Lívia Voigt tem 20 anos e possui fortuna estimada em US$ 1,3 bilhão devido à sua participação minoritária na fabricante de equipamentos elétricos Weg

A idade média dos bilionários da lista da Forbes de 2024 é 66 anos. É raro se tornar um bilionário ainda jovem e a grande maioria deles é de herdeiros: pela primeira vez desde 2009, todos os bilionários da lista com menos de 30 anos herdaram suas fortunas.

WEG Linhares/ES

A bilionária mais jovem do mundo é a brasileira Lívia Voigt. Atualmente com 20 anos, ela possui uma fortuna estimada em R$ 7,8 bilhões (US$ 1,3 bilhão) devido à sua participação minoritária na fabricante de equipamentos elétricos Weg, que tem negócios no Espírito Santo, com a fábrica instalada em Linhares. A WEG foi cofundada por seu falecido avô. A sua irmã mais velha, Dora Voigt de Assis, de 26 anos, também tem patrimônio de R$ 7,8 bilhões (US$ 1,3 bilhão).

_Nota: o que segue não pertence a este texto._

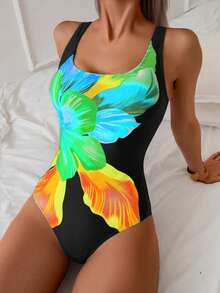 SHEIN Swim 女士连体多色大花卉图案圆领优雅高衩泳衣，夏季 - 綠色 - 查看 3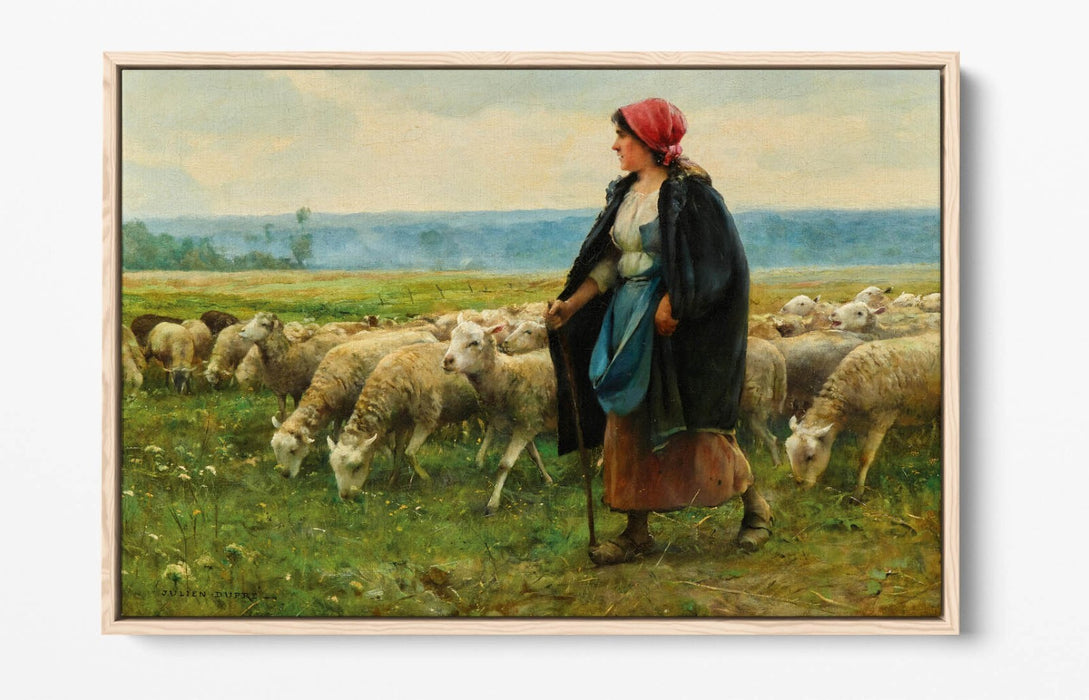 Canvas Wall Art – JULIEN DUPRE Shepherdess Float Effect Print on Premium Frame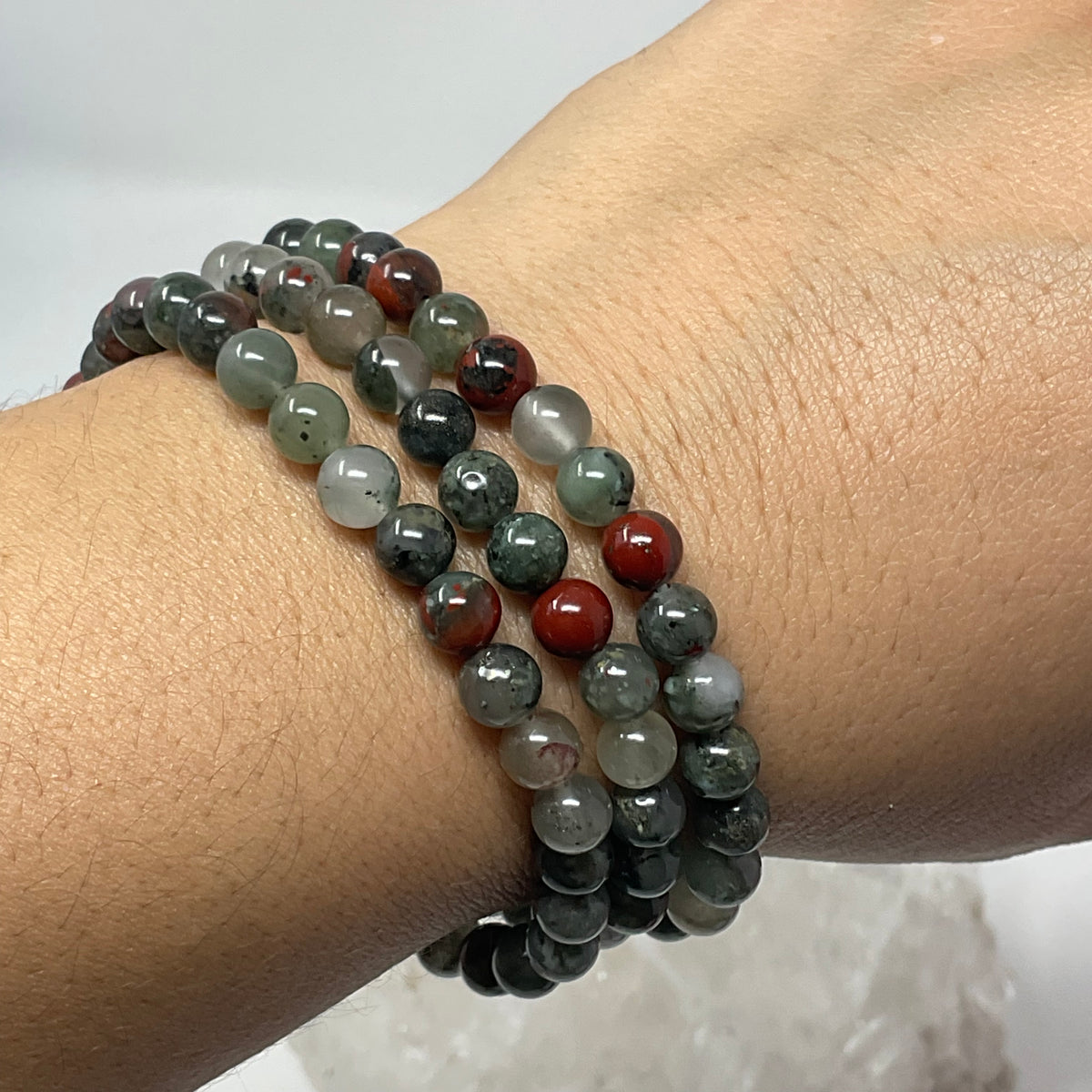 Bloodstone 6MM-3 Piece Round Bracelet Set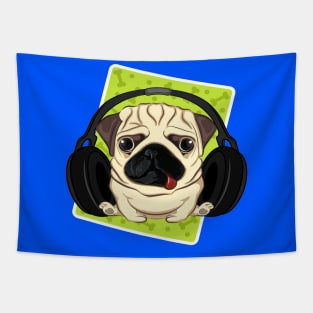 pug with phones Tapestry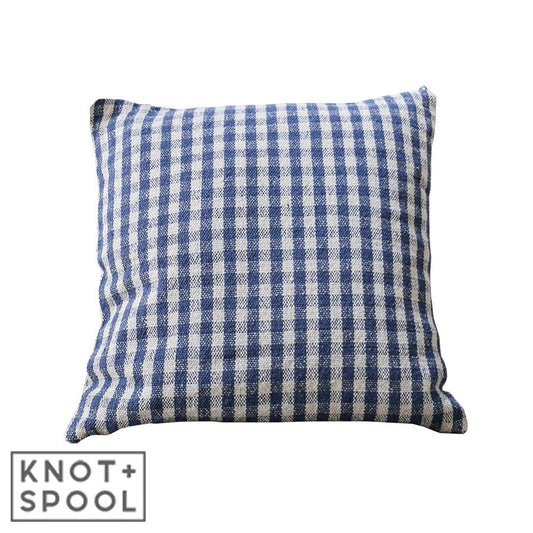 Blue Gingham Pillow | 18" x 18" - Knot and Spool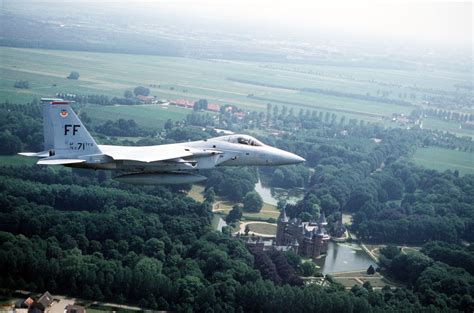 An Right Side View Of An F 15a Eagle Aircraft In Flight During Exercise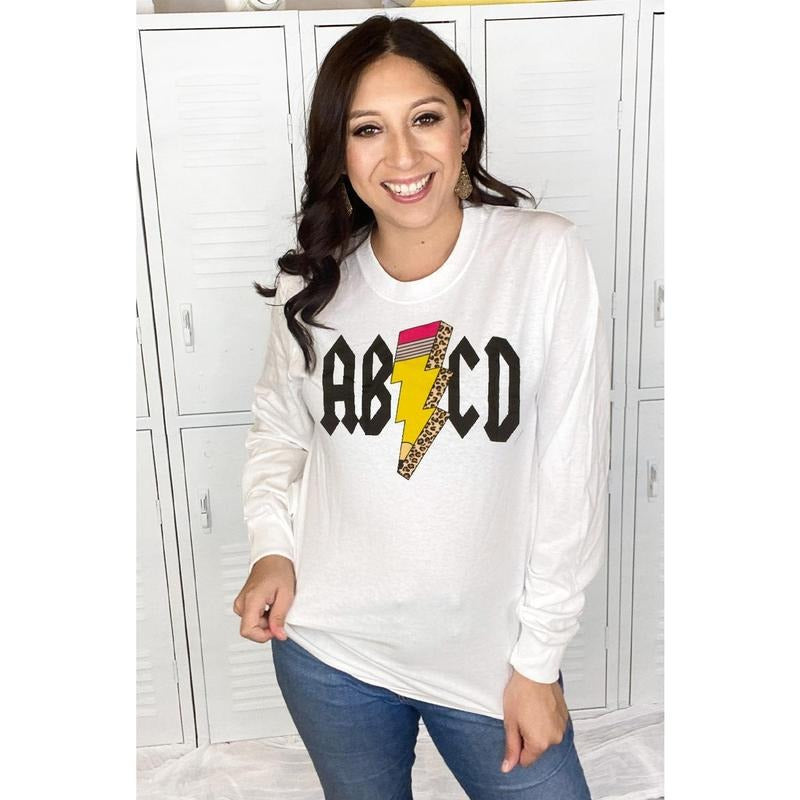 Teacher ABCD Pencil Lightning Bolt Longsleeve Shirt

Clemente Del Vecchio, da Itália, de 20 anos, é dois meses mais velho que Lívia. Ele herdou uma participação significativa na fabricante ítalo-francesa de óculos Ray-Ban, EssilorLuxottica, após a morte de Leonardo Del Vecchio em 2022. Seus irmãos Leonardo Maria, de 28 anos, e Luca, de 22, também herdaram fortunas, assim como outros três irmãos mais velhos.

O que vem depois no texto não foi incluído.